I have it with 3 bettas. I don't think they'll get 10 hours of sunlight per day, but maybe 6. Would that be okay? I have brown algae growing in my tank, so I guess there's plenty of nitrates. I have liquid co2 that I added. (that's what it's marked as) I buried the roots under some rocks and gravel and driftwood. Is that okay for it? Is it good in cold water down to 60? Thanks!


----------



## ZebraDanio12

Betta man said:


> I have it with 3 bettas. I don't think they'll get 10 hours of sunlight per day, but maybe 6. Would that be okay? I have brown algae growing in my tank, so I guess there's plenty of nitrates. I have liquid co2 that I added. (that's what it's marked as) I buried the roots under some rocks and gravel and driftwood. Is that okay for it? Is it good in cold water down to 60? Thanks!

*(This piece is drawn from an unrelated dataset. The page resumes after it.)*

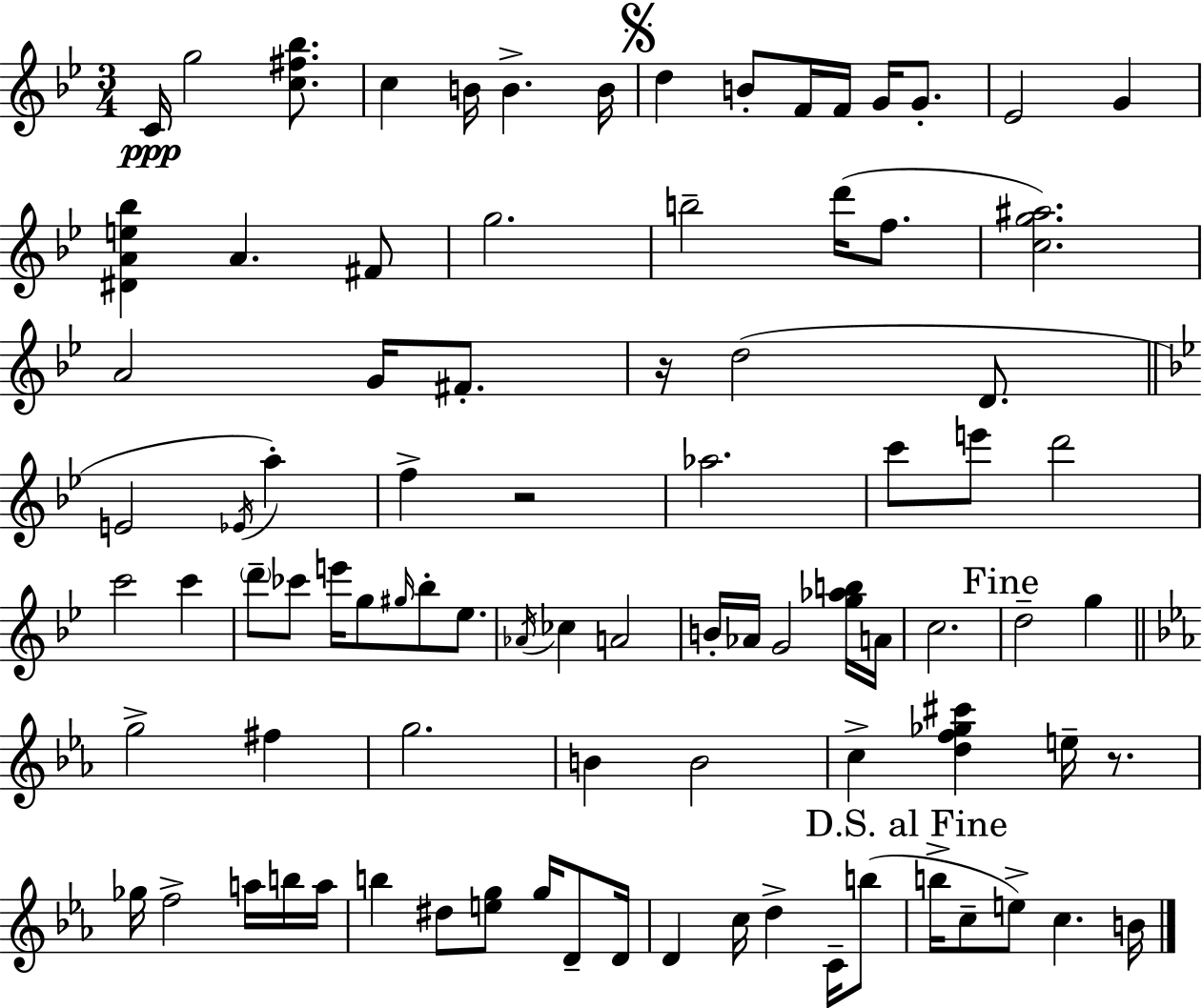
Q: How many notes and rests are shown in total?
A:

Where'd you manage to get such great prices? Plants need a lot of light. Isn't there a light on the tank?


----------



## Betta man

Sacramento aquarium society. Great place. Huge amounts of java moss sell for 4 bucks.


----------



## mousey

I don't know if it --vals--is good for down to 60-- but I hope you don't let the bettas go to 60 as they are tropical fish!!


----------



## Betta man

I was talking about putting it in my pond. I would feel bad letting it get down to 70.


----------



## grogan

Hmm you know there are alot of cold water species of sag in the country. I found some in a lake last weekend in Anchorage. Do some research and see if any of you local streams or rivers have cold water sag. Hmm are California waters still considered cold water?


----------



## Betta man

Not all. There's lake flieshman which stays 68-70 all year, but the american river gets really cold! The water outside will freeze in the winter where I am, but we never get more than an inch of snow and it doesn't stick.


----------